IHG Hotels & Resorts has opened up its wallet to acquire its 20th hotel brand.
United Kingdom-based IHG acquired the Ruby Hotels brand for €110.5 million ($115.8 million) from Munich-based hotel firm Ruby GmbH. Excluded from the deal is Ruby's operating company, which will continue to manage all Ruby hotels open and currently in development.
Ruby has a portfolio of 20 hotels and 3,483 rooms open in Europe — including nine hotels in Germany, three in the U.K., three in Austria, two in Switzerland, and one each in Italy, Ireland and the Netherlands. Ruby's hotel development pipeline includes 10 hotels and more than 2,200 rooms.
During an earnings conference call Tuesday, IHG CEO Elie Maalouf expressed his excitement about the Ruby deal. He added Ruby signed an 11th hotel to its development pipeline — a property in Copenhagen — a week ago.
“It just really hits the spot in an area we have been looking at, urban micro. It is something we can scale up very quickly,” he said, referring to the British firm’s quick acceleration in its brands Avid and Garner.
In a news release announcing the acquisition, Maalouf gave more detail on where the Ruby brand fits in IHG's portfolio of brands.
“The urban micro space is a franchise-friendly model with attractive owner economics, and we see excellent opportunities to not only expand Ruby’s strong European base but also rapidly take this exciting brand to the Americas and across Asia, as we have successfully done with previous brand acquisitions,” Maalouf said.
IHG envisages a portfolio of 120 Ruby hotels in the next five years and 250 in the next 10, Maalouf said. IHG has similarly scaled its brands Avid and Garner, he added.
“Our track record shows that this is extremely feasible,” he said, adding there would be approximately $10 million of integration costs.
IHG plans to integrate the Ruby portfolio into its systems by March 31, 2026. Maalouf cautioned that the brand would not break even in IHG's operating profit until 2026, but the company forecasts a greater impact on its profitability in the years ahead.

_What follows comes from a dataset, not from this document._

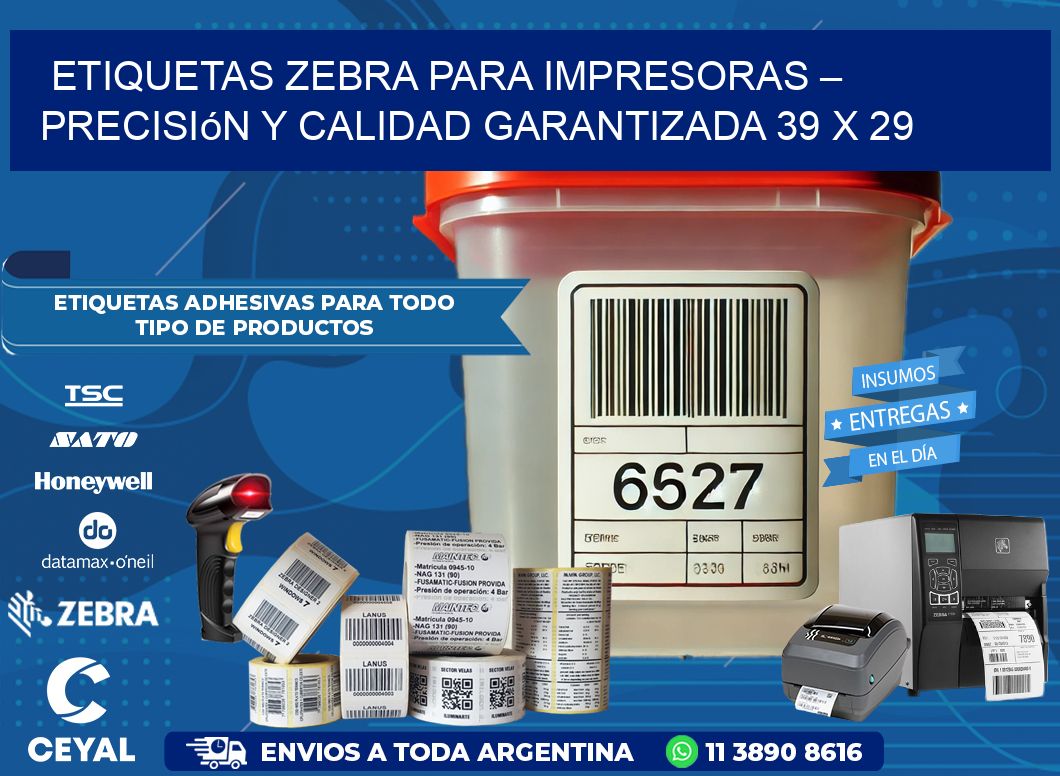 Etiquetas Zebra para Impresoras – Precisión y Calidad Garantizada 39 x 29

“It has a lot of growth potential,” Maalouf said.
Franchise fees from the deal — all 31 hotels are due to open by the end of 2027 — would equate to approximately $8 million in 2028’s earnings numbers, while those fees are predicted to more than $15 million by 2030, Maalouf said. The deal includes potential additional payments ranging from nothing to €181 million between 2030 and 2035 depending on expanded pipeline.
Performance around the globe
Maalouf and IHG Chief Financial Officer Michael Glover shared a positive outlook of IHG's global operations across 2025.
In 2024, IHG's global revenue per available room increased 3% year over year and operating profit increased by 10%.
“The momentum improved across all markets in the fourth quarter, and 2024 is our third consecutive year of accelerating network growth. We expanded fee margins by 190 basis points,” Maalouf said. “We’re comfortable in what we’re doing in the Americas, where we had 9% more applications. … [Glover] and I were in China three weeks ago, and we talked to 100 owners and have had a great year of signings.”
There's also reason for optimism in IHG's U.S. hotel portfolio, Maalouf said. In 2024, IHG's U.S. hotel RevPAR rose 1.7%.
“I believe 2025 in the U.S. can be as good or better than 2024. If you look at the fundamentals that drive U.S. travel … another good year for RevPAR growth [is] there,” Maalouf said.
In China, residential real estate is not doing so well, but Maalouf said investors there are very interested in hotel development. Hopefully, domestic hotel demand will follow, as full-year 2024 RevPAR declined 4.8% in Greater China.
“While I was there, we inaugurated our 800th hotel, and we have 500 in the pipeline,” he said, adding IHG has much room to maneuver there.
Across 2024, IHG grew its net portfolio by 4.3%, opening 371 hotels and approximately 59,100 rooms for a total portfolio of 6,629 hotels and approximately 987,000 rooms.
IHG's revenues increased 7% to $2.31 billion, and fee margins equaled 61.2%, an increase of 1.9 percentage points, which Glover said was driven by strong trading together with new and growing ancillary fee streams.
IHG also will embark on another share buyback scheme, Glover said. In 2024, the company returned approximately $800 million in shares back to shareholders, and in 2025 it intends to increase that number to $1.1 billion in value via a new $900 million buyback program.
As of press time, IHG stock was trading at £102.70 ($129.43) a share, an increase of 32.4% year over year. The London Stock Exchange’s FTSE 100 index was up 13.8% over the same period.